Return exactly and only these lines: the first of the listing through the one containing "The image features".

--- Recorded data Enclosed Below ---

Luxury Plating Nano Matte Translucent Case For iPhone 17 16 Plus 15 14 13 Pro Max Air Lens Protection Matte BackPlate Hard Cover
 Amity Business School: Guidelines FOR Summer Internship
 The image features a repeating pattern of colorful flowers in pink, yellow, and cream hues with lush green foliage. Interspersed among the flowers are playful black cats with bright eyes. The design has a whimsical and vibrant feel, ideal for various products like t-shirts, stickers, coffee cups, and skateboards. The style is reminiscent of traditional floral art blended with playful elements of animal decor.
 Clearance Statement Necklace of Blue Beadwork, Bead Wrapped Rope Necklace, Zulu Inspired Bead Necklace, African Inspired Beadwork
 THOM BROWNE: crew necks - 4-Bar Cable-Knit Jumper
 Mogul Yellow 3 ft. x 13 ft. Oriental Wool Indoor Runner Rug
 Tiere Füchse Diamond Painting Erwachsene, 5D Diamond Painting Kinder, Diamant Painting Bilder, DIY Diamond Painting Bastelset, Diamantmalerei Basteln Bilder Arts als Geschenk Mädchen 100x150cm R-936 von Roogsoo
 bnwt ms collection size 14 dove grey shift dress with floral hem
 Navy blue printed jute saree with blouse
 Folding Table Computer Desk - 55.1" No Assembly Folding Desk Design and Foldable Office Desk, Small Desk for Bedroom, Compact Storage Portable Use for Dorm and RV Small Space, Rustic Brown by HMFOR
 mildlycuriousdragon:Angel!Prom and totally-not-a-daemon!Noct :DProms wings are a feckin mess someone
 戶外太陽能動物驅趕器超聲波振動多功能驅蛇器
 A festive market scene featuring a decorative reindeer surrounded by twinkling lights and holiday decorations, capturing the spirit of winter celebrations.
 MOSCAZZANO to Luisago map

--- End of Enclosed Recorded data ---

* **Task result**
Luxury Plating Nano Matte Translucent Case For iPhone 17 16 Plus 15 14 13 Pro Max Air Lens Protection Matte BackPlate Hard Cover
 Amity Business School: Guidelines FOR Summer Internship
 The image features a repeating pattern of colorful flowers in pink, yellow, and cream hues with lush green foliage. Interspersed among the flowers are playful black cats with bright eyes. The design has a whimsical and vibrant feel, ideal for various products like t-shirts, stickers, coffee cups, and skateboards. The style is reminiscent of traditional floral art blended with playful elements of animal decor.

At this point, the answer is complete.